Most of the rest of the house is already copper and while doing another project downstairs I ran new copper hot and cold lines to just behind the shower (these are capped and have nothing to do with the current system).  

The problem with switching to the copper lines is this shower is in a dormer and although it's possible to crawl behind the shower through the attic space you can only get to the bottom 2' or so.  Since the sink right next to it has good hot water flow I'm assuming the blockage is likely to be in the shower wall and the only way to get to is is to rip out that wall.  That might be the thing to do if time and money were not objects but sadly they are.  

Thanks for any thoughts.
Frank


----------



## Wuzzat? (Feb 10, 2013)

Worst case, 
http://www.howmuchisit.org/cost-to-repipe-a-house/


----------



## frankflynn (Feb 10, 2013)

Well - most of the rest of the house has been re-plumbed already.  Perhaps that's why I'm broke and did not particularly want to rip out these walls just yet.  I do intend to remodel that whole bath but if I have to do it now it will necessarily be a much cheaper job perhaps on the order of a fiberglass panel wall that I will rip out again in a few years.

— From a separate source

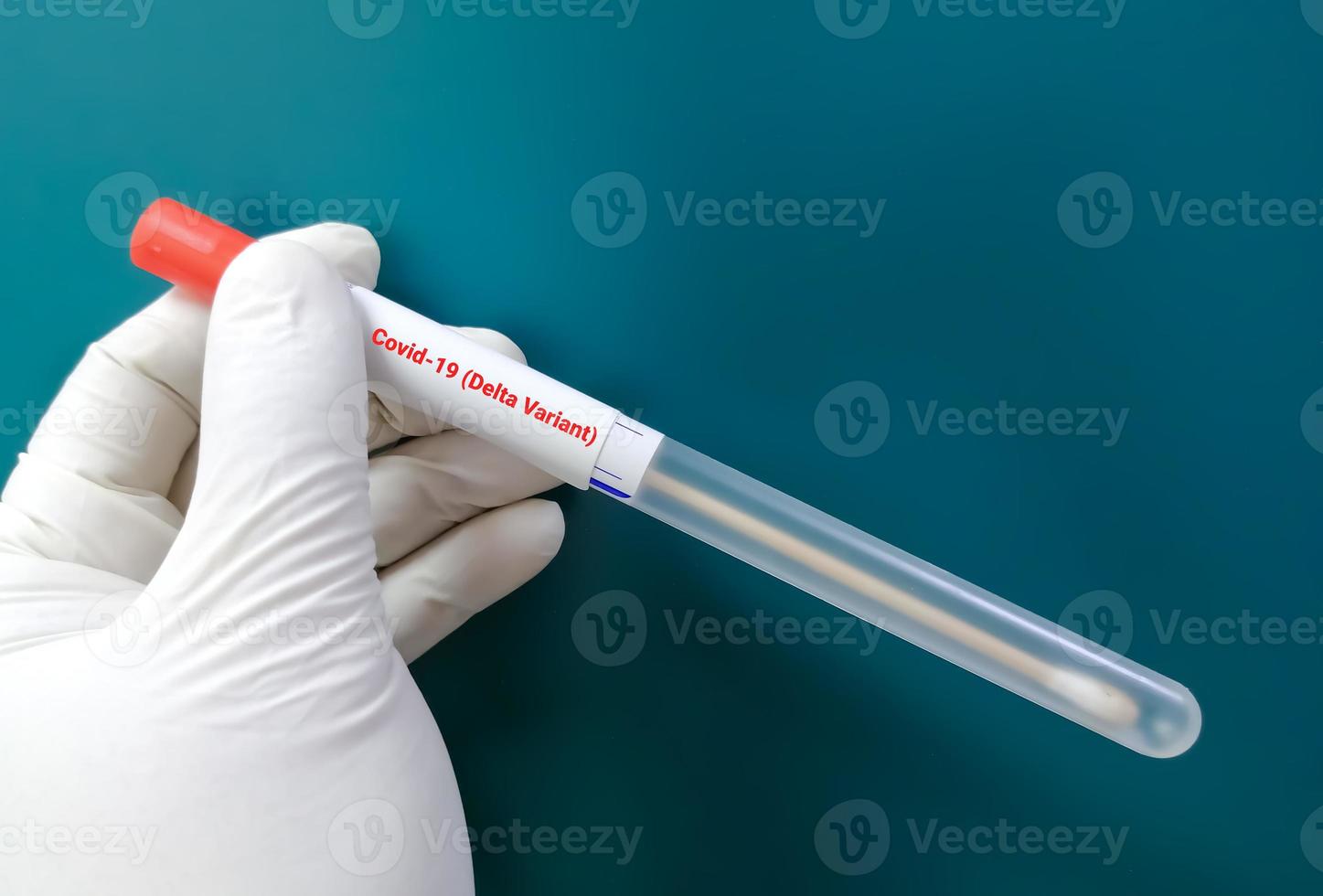 Medical healthcare technician holding COVID-19 swab collection kit for Delta variant, test tube for taking OP NP patient specimen sample, PCR lab testing. photo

That might be for the best anyway.


----------



## kok328 (Feb 10, 2013)

You might try "snaking" out the line and see if you can bust up some of the obstruction in the pipe.  Keep in mind this will be a temporary fix at best and rust can be hard to chip away with a plumbing snake (I'd try an electrical fish tape for better results).


----------



## Wuzzat? (Feb 11, 2013)

"Scaling" tools & bits remove rust but I'm not sure they will work in a small ID pipe.
You shouid probably be getting enough GPM out of that pipe so that you can fill a 5 gal. bucket in a minute.


----------



## nealtw (Feb 11, 2013)

Have you taken apart the tap, if this is old style you could have a washer stuck in there when the screw no longer holds it to the valve.


----------



## Fireguy5674 (Feb 11, 2013)

I had a similiar problem years ago.  When I took down the 1/2" galvanized line it was so full of corrosion and crap I was amazed any water got through it.  I could not see a hole.  A fifty year old galvanized hot water pipe is most likely your issue.  If you try snaking it some way you could end up with a water leak in the wall as well.  Good luck.


----------



## Wuzzat? (Feb 11, 2013)

Fireguy5674 said:


> I had a similiar problem years ago.  When I took down the 1/2" galvanized line it was so full of corrosion and crap I was amazed any water got through it.  I could not see a hole.  A fifty year old galvanized hot water pipe is most likely your issue.  If you try snaking it some way you could end up with a water leak in the wall as well.  Good luck.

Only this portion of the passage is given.